Ibtihaj yang memenangkan medali perunggu dalam Olimpiade sebagai anggota dari tim saber AS di Brasil, mengatakan bahwa, meskipun dia anggota tim, namun selama bertahun-tahun dia menerima perlakuan diskriminatif baik dari rekan setim maupun staf pengurus. Misalnya saja dia tidak dimasukkan ke dalam selebaran resmi formasi tim, tidak diikutsertakan dalam jejaring email tim, diabaikan oleh rekan tim, dan tidak diundang dalam perjamuan makan malam tim.
Ibtihaj yang berasal dari New Jersey ini juga mengatakan bahwa pelatih timnya, Ed Korfanty, mengatainya pemalas dan menuduhnya lamban ketika bulan Ramadhan sedang berlangsung, bulan di mana setiap Muslim diwajibkan untuk berpuasa.
Dalam bukunya yang berjudul ‘Proud: My Fight for an Unlikely American Dream’, yang baru diterbitkan pada bulan lalu (Juli) di AS, Ibtihaj bercerita, “Kata-kata, ‘Apakah kamu baik-baik saja, Ibti? Apakah kamu perlu beristirahat sebentar, Ibti?’ Tidak pernah keluar dari mulutnya.”
Selain itu, Korfanty juga menuduhnya bolos latihan setelah pergelangan kakinya didiagnosis terkilir oleh dokter tim. “Kamu bisa berjalan sekarang, jadi saya tidak percaya bahwa kamu terluka parah,” kata Korfanty di depan dokter tim, sebagaimana diceritakan oleh Ibtihaj.

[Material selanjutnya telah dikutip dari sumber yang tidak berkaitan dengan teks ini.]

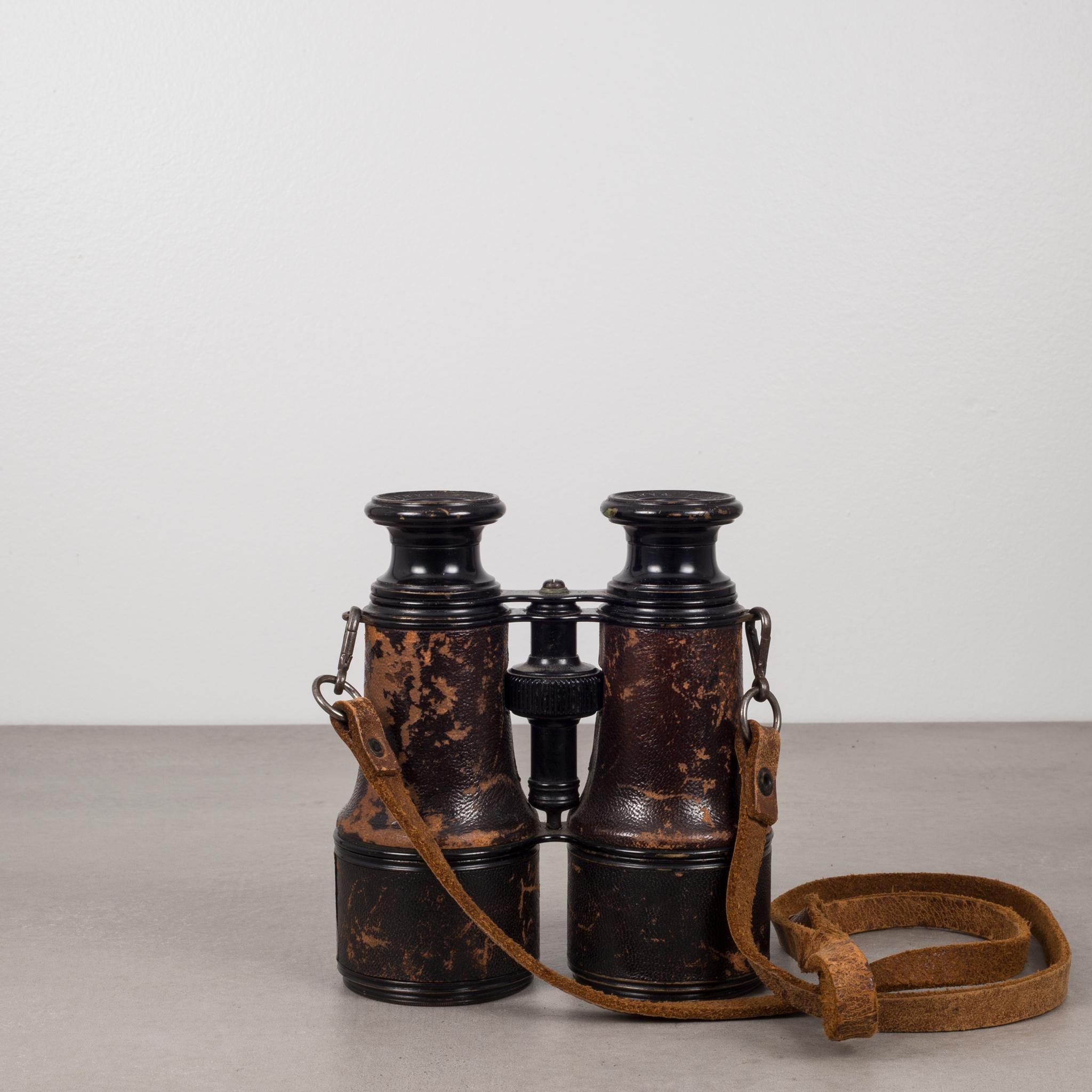 Beautiful pair of leather wrapped, ebonized brass binoculars with original, intact leather strap. Great working order with clear vision. Made in France by LeMaire Paris circa 1880s.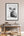 Framed black and white photo of a ram on a wall above a wooden bench with decor items.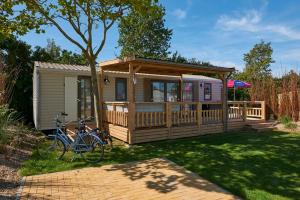 雷讷瑟Siblu Camping de Oase的小屋前面设有自行车停放处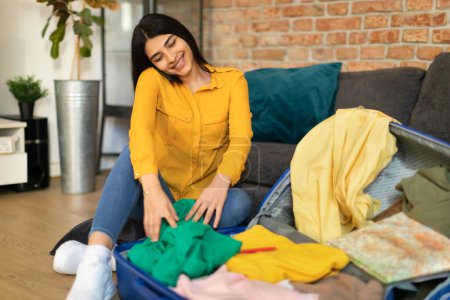 Photo for Happy spanish lady packing clothes in suitcase and talking on smartphone while sitting on floor by couch. Positive female making list notes of things ready to summer travel vacation - Royalty Free Image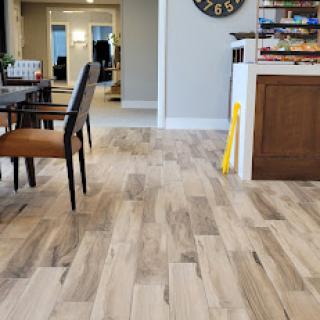 A cozy living space featuring wood-like tiled flooring, blending modern aesthetics in the dining and kitchen areas.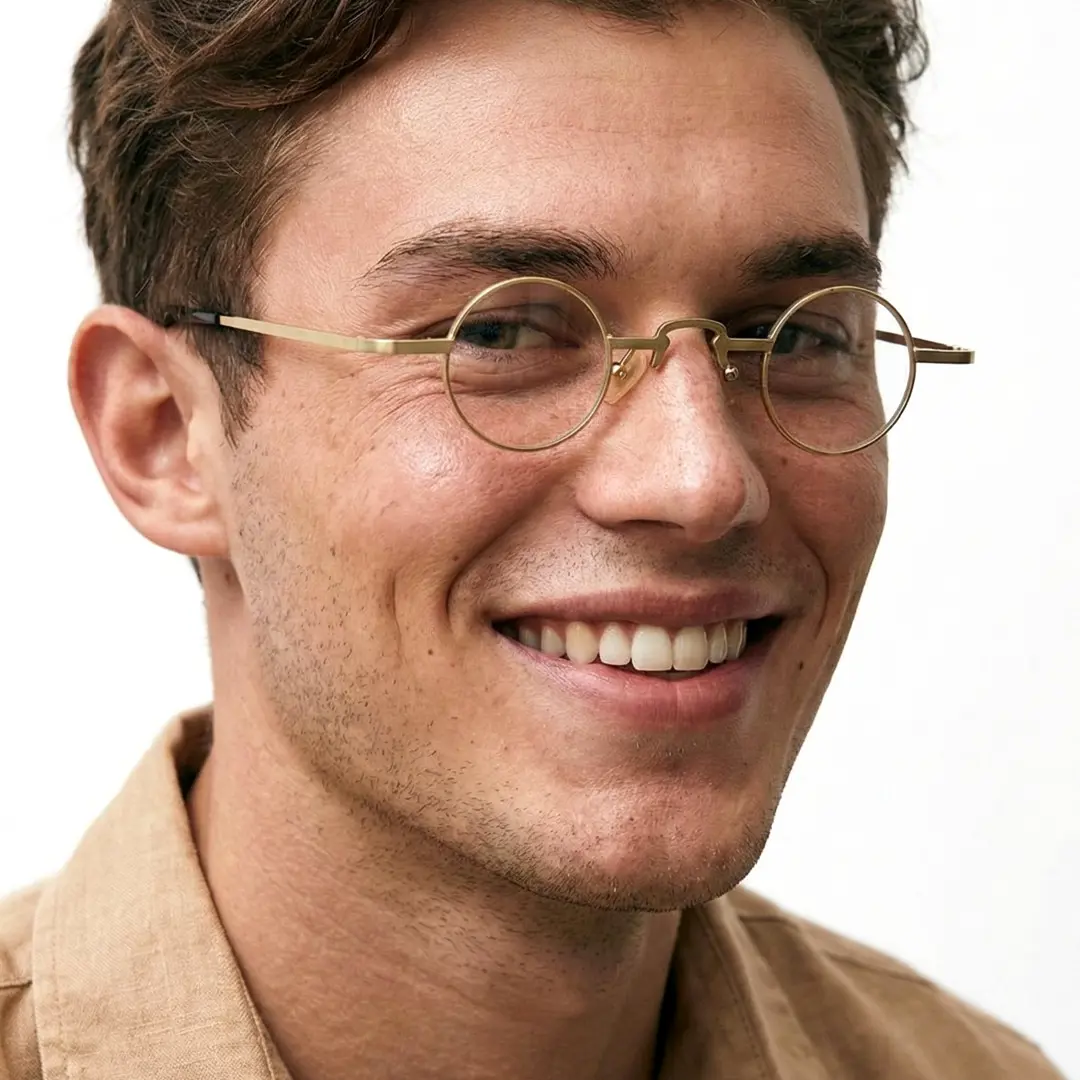 Slightly angled view of male wearing gold round eyeglasses, natural smile, RM0312412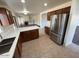 Spacious kitchen featuring stainless steel refrigerator with adjacent open-concept living space at 3524 W Alyssa Ln, Phoenix, AZ 85083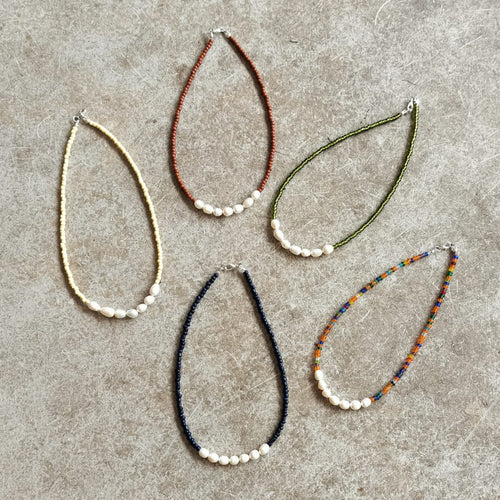 Five beaded necklaces on a beige background 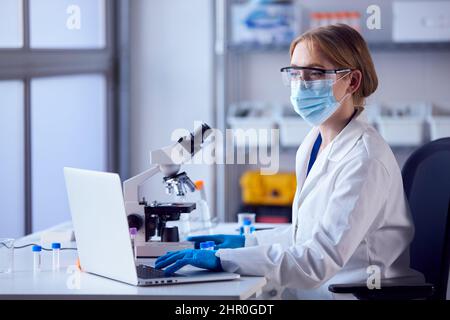 Camice da laboratorio femminile che indossa un camice da laboratorio per l'analisi dei campioni in laboratorio con notebook e microscopio Foto Stock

Ibtihaj mengatakan bahwa, sementara anggar adalah olahraga individu yang sangat kompetitif dengan banyak atlet yang bersaing hanya untuk tiga tempat tersedia di tim Olimpiade, sehingga itu membuat lingkungan yang tidak bersahabat dalam tim saber AS tensinya meningkat.
“Saya tidak tahu apakah unsur persahabatan dan (kerjasama) tim hilang di tim yang lain, tetapi yang saya tahu adalah bahwa saya tidak percaya bahwa kemalangan terhadap atlit dan kepribadiannya dalam kompetisi harus berjalan seperti itu,” kata Ibtihaj. “Itu tidak mesti selalu seperti itu.”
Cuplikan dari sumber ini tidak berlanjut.